Taking a windmill to the USA from Netherlands

photo by alisa crawford - flour at brixton windmill

Jean Kerrigan reports on the fascinating story of a windmill in Holland, USA

Recently we had a very special request at Brixton Windmill. Alisa Crawford, miller at De Zwaan (the Swan) windmill in Holland, Michigan, USA, had Brixton Windmill on her bucket list and wanted to visit en route to a meeting of professional millers in the Netherlands. She was given a tour by Timo and Dan, two of our volunteer millers, and was extremely complimentary about the quality of the stoneground wholemeal flour that we produce at Brixton from organic English wheat grain.

The 18th-century De Zwaan windmill where Alisa works was installed in the USA in 1965 and was the last historic windmill permitted to leave the Netherlands. It now forms part of Windmill Island, the main tourist attraction in Holland. How it got there is a fascinating story.

Tulip time in America

The town of Holland in Michigan was founded in 1846 by Dutch emigrés fleeing from persecution and economic hardship in the Netherlands. At that time the country they left behind was home to an estimated 9,000 windmills.

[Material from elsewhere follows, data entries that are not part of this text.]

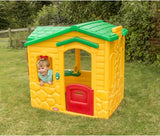 Къща Със Звънец Little Tikes - Пластмасови Kъщи И Пързалки - Little Tikes - BebeMama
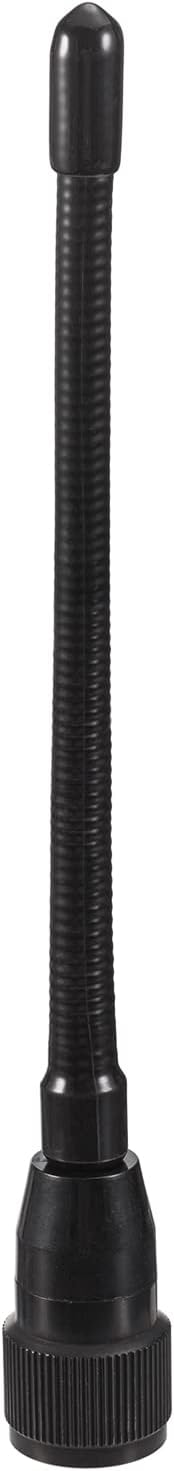 Bingfu Marine VHF Radio External Antenna 156-163MHz PL259 Male L Mount Bracket Antennas with 16.5 feet 5m RG58 Coaxial Cable for Car Truck Boat ATV Amateur Mobile Ham Radio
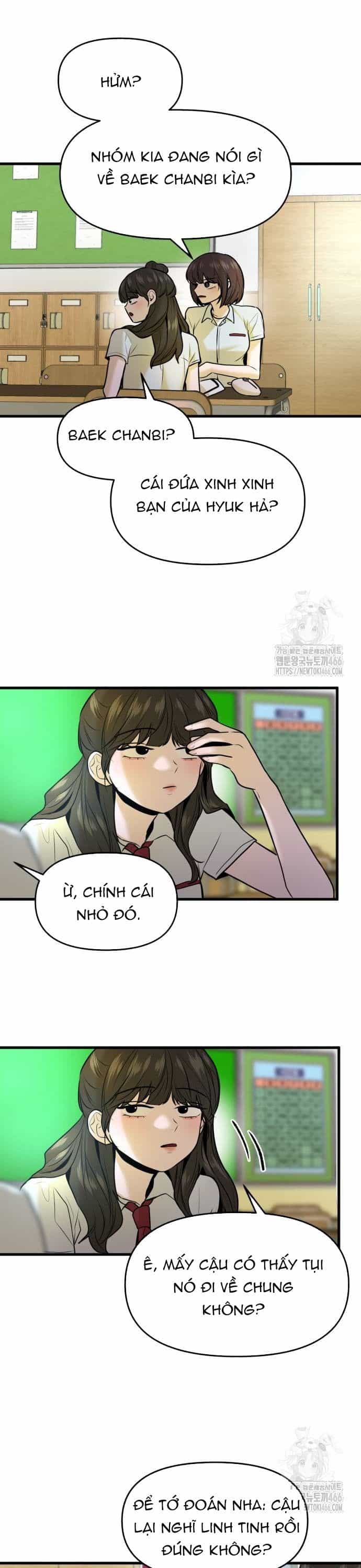 Trở Lại Với Chanbi - Chương 37 - ảnh 31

By 1849, Holland had four sawmills, but only one was powered by wind. It stood 70ft tall, was built in the traditional Dutch eight-sided style, and had a sail span of 64 feet. It was not the first Dutch-style windmill in the USA. That had been built in 1625 to grind grain on Governors Island – today’s Manhattan Island.

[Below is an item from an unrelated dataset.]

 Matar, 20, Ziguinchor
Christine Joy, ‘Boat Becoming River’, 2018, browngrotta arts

The desire to import a genuine traditional windmill from the Netherlands to install in Holland dates back to the early 20th century. First discussed in 1929, it was driven by a wish to make Holland, Michigan, a better place.

Before deciding to purchase a windmill from the Netherlands, Holland City Council had supported a plan to plant thousands of tulip bulbs to celebrate the first Dutch settlers. In 1928, 100,000 Dutch tulip bulbs were imported and planted in city parks.

The following year a “Tulip Day” was organised, and every year since, the May Tulip Festival has attracted thousands of visitors to the city. A replica Dutch windmill was built in 1934 in Lakeview Park – later renamed Windmill Park – and by 1939 “Tulip Time” had become a nationally known event that lasted nine days.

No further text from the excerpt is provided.